▸ ACTIVITY
Begin at the line below that has "mfpen - Postal Cotton-Velvet Jacket - Brown" and stop after the line that has "HiLetgo 2pcs Round". Please restate only those lines, word for word.

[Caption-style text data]
──────────────────────────────

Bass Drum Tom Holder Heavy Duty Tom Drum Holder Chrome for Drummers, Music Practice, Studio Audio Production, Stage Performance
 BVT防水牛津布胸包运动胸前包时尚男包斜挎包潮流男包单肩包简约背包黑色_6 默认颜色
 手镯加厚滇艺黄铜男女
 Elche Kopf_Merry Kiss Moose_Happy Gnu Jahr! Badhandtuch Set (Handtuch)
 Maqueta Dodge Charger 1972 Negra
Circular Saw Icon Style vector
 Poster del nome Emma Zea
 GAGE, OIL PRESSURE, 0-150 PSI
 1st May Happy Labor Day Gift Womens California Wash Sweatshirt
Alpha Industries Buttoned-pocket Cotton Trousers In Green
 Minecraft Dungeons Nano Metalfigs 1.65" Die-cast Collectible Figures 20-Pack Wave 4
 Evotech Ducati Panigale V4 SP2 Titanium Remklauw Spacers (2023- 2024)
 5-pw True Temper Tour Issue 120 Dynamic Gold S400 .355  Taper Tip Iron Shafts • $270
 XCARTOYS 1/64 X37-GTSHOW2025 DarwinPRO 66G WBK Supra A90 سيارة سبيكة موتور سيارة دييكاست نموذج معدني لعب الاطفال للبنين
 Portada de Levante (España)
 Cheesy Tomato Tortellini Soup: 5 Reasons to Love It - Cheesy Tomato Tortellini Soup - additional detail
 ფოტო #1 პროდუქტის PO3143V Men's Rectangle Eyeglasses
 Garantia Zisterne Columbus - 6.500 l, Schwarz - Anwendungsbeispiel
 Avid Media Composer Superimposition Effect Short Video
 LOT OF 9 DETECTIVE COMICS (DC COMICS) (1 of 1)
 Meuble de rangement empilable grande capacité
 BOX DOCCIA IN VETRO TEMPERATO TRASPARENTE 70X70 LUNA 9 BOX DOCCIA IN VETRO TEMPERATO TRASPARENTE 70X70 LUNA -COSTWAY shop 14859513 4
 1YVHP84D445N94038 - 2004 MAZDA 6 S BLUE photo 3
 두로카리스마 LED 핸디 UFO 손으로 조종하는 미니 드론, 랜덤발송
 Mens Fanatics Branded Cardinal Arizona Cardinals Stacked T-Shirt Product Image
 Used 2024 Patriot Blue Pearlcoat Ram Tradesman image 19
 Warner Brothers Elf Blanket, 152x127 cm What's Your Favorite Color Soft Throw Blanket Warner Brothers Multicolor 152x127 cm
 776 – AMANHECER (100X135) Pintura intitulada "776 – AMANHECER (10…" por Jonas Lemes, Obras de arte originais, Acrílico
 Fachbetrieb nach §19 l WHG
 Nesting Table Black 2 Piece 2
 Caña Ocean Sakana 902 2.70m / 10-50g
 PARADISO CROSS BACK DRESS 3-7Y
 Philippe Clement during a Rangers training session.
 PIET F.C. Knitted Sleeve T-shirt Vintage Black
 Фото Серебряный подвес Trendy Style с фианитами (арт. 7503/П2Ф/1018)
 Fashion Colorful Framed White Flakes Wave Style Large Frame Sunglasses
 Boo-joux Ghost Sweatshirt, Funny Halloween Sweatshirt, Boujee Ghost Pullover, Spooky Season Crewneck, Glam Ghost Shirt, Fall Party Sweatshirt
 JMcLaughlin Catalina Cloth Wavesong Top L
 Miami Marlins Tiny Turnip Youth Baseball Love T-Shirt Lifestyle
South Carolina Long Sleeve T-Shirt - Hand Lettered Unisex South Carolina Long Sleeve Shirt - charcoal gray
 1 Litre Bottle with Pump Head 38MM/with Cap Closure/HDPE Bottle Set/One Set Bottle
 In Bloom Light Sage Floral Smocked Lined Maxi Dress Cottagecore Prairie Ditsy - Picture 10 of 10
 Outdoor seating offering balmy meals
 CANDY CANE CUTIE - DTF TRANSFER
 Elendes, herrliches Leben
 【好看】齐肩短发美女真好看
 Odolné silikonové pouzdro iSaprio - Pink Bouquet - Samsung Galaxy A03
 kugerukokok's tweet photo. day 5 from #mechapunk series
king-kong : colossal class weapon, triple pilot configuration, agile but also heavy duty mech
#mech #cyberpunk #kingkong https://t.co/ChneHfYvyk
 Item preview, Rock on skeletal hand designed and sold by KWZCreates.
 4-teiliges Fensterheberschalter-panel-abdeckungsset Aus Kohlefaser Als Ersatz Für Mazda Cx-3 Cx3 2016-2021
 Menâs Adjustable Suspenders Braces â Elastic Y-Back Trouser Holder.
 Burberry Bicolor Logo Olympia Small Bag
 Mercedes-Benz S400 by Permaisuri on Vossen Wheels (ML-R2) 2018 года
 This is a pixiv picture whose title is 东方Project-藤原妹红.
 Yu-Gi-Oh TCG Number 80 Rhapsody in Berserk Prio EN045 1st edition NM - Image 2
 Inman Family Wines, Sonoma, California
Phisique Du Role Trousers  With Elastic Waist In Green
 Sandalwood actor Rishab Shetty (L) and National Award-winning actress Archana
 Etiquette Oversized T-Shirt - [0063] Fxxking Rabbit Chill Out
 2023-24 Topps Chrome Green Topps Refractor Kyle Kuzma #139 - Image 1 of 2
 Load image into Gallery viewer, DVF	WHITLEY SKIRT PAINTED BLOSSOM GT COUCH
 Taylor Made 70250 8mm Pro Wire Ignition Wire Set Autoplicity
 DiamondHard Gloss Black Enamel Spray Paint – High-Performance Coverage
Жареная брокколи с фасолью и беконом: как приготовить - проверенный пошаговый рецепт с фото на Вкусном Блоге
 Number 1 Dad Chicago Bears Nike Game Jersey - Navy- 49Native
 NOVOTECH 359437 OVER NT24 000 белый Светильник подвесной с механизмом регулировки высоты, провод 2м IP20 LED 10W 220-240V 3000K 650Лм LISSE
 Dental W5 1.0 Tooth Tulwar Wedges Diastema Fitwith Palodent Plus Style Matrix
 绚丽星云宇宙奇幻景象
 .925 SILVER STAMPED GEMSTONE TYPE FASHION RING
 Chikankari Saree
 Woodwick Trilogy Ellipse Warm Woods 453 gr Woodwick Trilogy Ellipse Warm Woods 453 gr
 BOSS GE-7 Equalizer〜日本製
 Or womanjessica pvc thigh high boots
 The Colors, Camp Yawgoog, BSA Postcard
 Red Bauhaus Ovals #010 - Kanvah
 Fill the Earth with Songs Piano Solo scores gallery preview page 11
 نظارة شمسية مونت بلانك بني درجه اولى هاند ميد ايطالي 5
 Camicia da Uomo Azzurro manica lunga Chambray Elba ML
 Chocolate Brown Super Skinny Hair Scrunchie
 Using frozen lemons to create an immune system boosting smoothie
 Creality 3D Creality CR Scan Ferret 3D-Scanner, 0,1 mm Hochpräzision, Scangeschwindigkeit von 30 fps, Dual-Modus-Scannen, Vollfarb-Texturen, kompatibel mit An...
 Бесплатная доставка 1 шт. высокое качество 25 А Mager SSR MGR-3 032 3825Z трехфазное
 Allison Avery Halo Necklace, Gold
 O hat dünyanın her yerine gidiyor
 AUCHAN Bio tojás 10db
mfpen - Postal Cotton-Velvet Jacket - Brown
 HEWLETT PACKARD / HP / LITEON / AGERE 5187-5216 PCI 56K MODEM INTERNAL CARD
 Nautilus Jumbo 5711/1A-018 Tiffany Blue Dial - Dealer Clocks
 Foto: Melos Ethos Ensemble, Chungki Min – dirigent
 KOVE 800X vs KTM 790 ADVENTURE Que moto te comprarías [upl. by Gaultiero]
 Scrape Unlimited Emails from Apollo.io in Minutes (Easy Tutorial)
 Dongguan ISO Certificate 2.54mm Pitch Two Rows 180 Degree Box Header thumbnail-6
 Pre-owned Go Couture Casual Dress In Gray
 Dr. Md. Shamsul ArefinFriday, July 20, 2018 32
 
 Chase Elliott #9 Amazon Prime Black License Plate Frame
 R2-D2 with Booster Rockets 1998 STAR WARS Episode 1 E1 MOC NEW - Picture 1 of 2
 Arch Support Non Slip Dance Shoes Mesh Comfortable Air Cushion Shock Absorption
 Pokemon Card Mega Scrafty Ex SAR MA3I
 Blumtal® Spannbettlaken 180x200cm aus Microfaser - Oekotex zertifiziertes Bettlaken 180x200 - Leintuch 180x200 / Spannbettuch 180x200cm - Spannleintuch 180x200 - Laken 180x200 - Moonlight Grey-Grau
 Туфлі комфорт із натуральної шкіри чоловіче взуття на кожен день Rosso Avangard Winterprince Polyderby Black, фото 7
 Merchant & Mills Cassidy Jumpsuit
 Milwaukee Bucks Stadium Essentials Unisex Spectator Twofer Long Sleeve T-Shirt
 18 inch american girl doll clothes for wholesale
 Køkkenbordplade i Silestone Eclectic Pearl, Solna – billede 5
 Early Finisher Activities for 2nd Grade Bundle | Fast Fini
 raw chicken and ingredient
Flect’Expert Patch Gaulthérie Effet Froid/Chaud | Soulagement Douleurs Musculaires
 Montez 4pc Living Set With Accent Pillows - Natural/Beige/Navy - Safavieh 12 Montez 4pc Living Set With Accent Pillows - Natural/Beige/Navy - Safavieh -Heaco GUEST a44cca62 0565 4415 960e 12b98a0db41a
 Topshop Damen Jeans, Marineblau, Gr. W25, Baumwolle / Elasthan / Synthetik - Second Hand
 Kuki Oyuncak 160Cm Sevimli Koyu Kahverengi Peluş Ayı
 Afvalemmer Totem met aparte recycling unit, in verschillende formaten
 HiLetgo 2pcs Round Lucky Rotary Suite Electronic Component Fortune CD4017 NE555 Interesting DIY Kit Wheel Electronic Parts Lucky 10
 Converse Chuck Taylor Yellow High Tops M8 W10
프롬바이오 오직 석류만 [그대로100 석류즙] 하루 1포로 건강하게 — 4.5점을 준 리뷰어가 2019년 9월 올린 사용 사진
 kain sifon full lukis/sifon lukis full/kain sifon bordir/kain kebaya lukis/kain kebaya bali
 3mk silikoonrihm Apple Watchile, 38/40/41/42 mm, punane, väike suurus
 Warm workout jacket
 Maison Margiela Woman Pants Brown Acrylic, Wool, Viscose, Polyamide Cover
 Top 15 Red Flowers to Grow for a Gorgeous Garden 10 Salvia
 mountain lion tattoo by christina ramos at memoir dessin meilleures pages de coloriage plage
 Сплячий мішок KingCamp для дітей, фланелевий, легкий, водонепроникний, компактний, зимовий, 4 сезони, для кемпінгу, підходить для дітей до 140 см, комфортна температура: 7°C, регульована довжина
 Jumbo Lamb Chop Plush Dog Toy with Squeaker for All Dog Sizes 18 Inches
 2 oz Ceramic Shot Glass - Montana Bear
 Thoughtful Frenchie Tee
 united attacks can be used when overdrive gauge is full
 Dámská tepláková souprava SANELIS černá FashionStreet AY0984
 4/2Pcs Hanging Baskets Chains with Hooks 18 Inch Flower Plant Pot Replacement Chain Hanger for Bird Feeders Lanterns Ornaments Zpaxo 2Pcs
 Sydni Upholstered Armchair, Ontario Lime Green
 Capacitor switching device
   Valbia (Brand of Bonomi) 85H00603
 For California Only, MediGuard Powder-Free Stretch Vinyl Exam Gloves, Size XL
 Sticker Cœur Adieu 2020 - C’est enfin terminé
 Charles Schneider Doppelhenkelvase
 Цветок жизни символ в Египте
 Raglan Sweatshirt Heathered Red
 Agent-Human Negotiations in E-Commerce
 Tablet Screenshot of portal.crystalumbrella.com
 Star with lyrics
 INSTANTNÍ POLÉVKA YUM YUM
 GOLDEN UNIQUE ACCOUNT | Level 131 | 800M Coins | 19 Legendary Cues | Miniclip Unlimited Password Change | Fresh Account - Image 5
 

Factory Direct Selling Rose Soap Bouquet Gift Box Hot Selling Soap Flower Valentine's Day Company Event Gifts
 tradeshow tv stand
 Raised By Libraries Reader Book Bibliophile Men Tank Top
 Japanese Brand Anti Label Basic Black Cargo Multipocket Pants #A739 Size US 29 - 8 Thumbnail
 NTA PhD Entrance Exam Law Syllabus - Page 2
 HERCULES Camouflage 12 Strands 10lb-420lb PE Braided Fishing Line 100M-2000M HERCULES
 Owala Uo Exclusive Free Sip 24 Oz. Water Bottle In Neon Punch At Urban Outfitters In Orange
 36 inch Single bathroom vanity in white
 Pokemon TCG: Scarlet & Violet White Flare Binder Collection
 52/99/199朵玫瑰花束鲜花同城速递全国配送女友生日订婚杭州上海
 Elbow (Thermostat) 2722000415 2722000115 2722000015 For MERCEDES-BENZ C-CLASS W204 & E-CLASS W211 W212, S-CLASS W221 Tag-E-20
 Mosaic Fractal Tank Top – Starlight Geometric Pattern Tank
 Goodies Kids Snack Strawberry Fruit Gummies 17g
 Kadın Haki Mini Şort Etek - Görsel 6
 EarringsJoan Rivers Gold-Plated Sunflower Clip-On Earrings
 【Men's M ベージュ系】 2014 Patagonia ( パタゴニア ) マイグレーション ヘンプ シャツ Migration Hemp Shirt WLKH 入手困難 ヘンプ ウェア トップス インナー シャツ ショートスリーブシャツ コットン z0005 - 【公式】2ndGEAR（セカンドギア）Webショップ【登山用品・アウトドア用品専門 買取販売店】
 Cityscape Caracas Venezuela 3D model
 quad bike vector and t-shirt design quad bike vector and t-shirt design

──────────────────────────────

▸ ANSWER TO THE EXERCISE
mfpen - Postal Cotton-Velvet Jacket - Brown
 HEWLETT PACKARD / HP / LITEON / AGERE 5187-5216 PCI 56K MODEM INTERNAL CARD
 Nautilus Jumbo 5711/1A-018 Tiffany Blue Dial - Dealer Clocks
 Foto: Melos Ethos Ensemble, Chungki Min – dirigent
 KOVE 800X vs KTM 790 ADVENTURE Que moto te comprarías [upl. by Gaultiero]
 Scrape Unlimited Emails from Apollo.io in Minutes (Easy Tutorial)
 Dongguan ISO Certificate 2.54mm Pitch Two Rows 180 Degree Box Header thumbnail-6
 Pre-owned Go Couture Casual Dress In Gray
 Dr. Md. Shamsul ArefinFriday, July 20, 2018 32
 
 Chase Elliott #9 Amazon Prime Black License Plate Frame
 R2-D2 with Booster Rockets 1998 STAR WARS Episode 1 E1 MOC NEW - Picture 1 of 2
 Arch Support Non Slip Dance Shoes Mesh Comfortable Air Cushion Shock Absorption
 Pokemon Card Mega Scrafty Ex SAR MA3I
 Blumtal® Spannbettlaken 180x200cm aus Microfaser - Oekotex zertifiziertes Bettlaken 180x200 - Leintuch 180x200 / Spannbettuch 180x200cm - Spannleintuch 180x200 - Laken 180x200 - Moonlight Grey-Grau
 Туфлі комфорт із натуральної шкіри чоловіче взуття на кожен день Rosso Avangard Winterprince Polyderby Black, фото 7
 Merchant & Mills Cassidy Jumpsuit
 Milwaukee Bucks Stadium Essentials Unisex Spectator Twofer Long Sleeve T-Shirt
 18 inch american girl doll clothes for wholesale
 Køkkenbordplade i Silestone Eclectic Pearl, Solna – billede 5
 Early Finisher Activities for 2nd Grade Bundle | Fast Fini
 raw chicken and ingredient
Flect’Expert Patch Gaulthérie Effet Froid/Chaud | Soulagement Douleurs Musculaires
 Montez 4pc Living Set With Accent Pillows - Natural/Beige/Navy - Safavieh 12 Montez 4pc Living Set With Accent Pillows - Natural/Beige/Navy - Safavieh -Heaco GUEST a44cca62 0565 4415 960e 12b98a0db41a
 Topshop Damen Jeans, Marineblau, Gr. W25, Baumwolle / Elasthan / Synthetik - Second Hand
 Kuki Oyuncak 160Cm Sevimli Koyu Kahverengi Peluş Ayı
 Afvalemmer Totem met aparte recycling unit, in verschillende formaten
 HiLetgo 2pcs Round Lucky Rotary Suite Electronic Component Fortune CD4017 NE555 Interesting DIY Kit Wheel Electronic Parts Lucky 10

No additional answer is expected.